───── Collected material

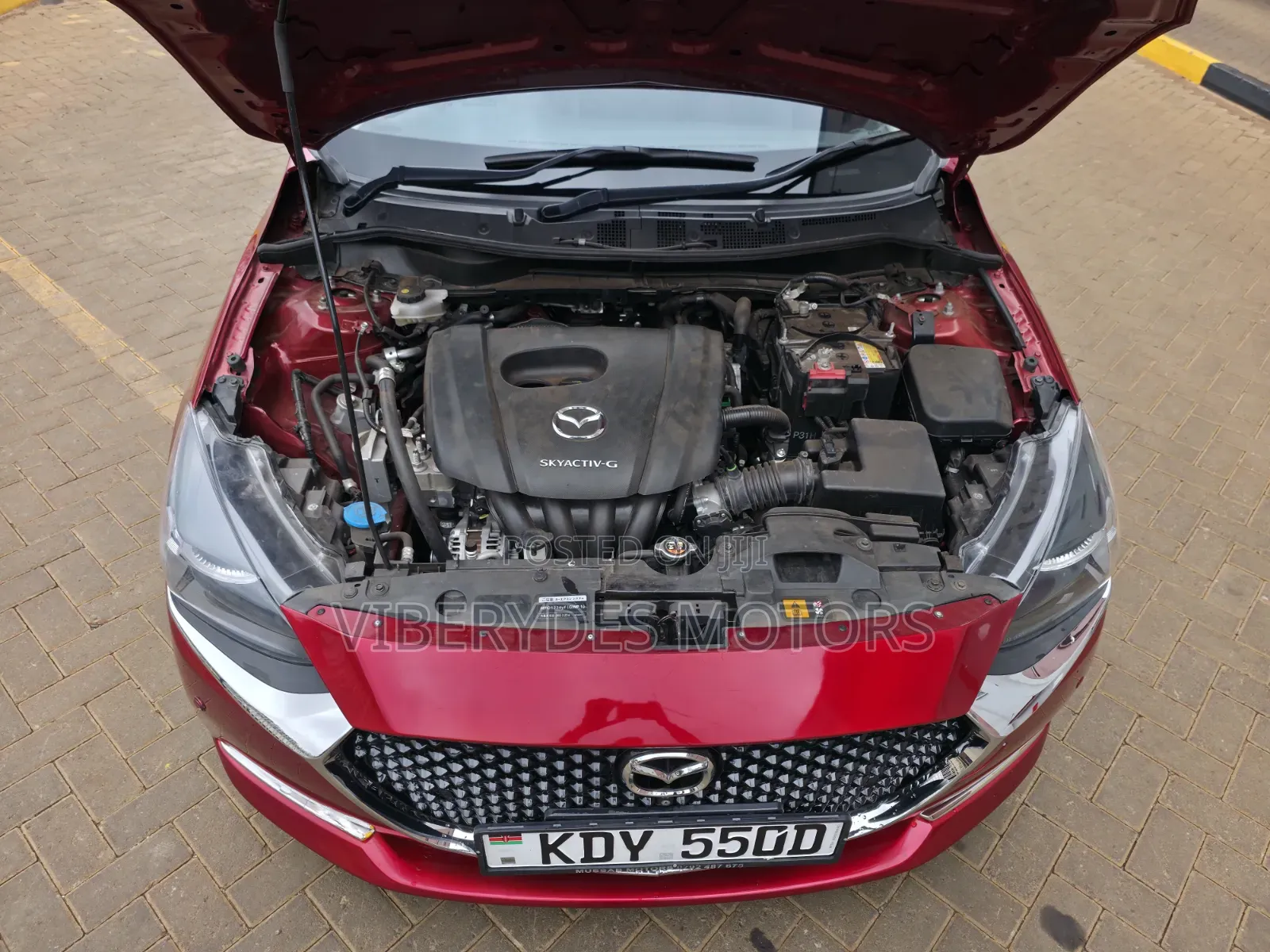 Mazda 2 2020 Red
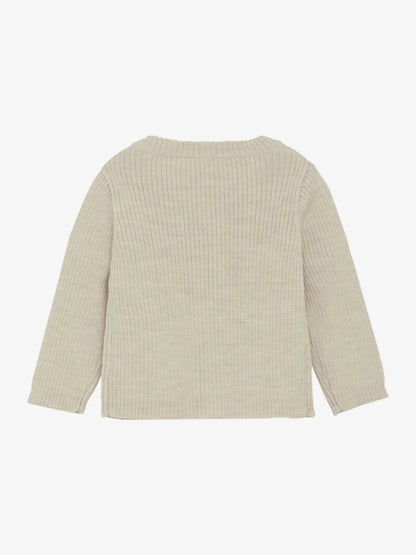 CeLaVi Strickjacke aus Merinowolle
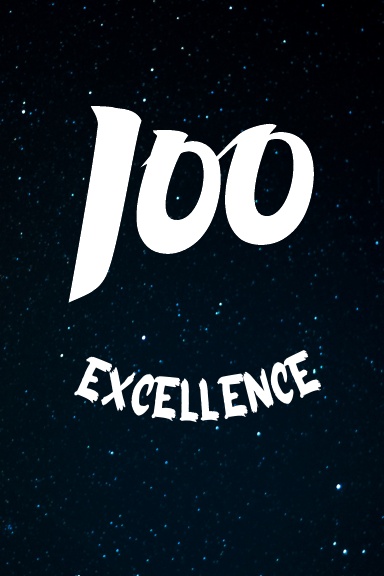 100 Excellence Notebook: Easy to write, easy to use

──────────

(Exercise description) Working from the material above, transcribe it exactly while omitting pictures.

(Your solution)
 Mazda 2 2020 Red
 CeLaVi Strickjacke aus Merinowolle
 100 Excellence Notebook: Easy to write, easy to use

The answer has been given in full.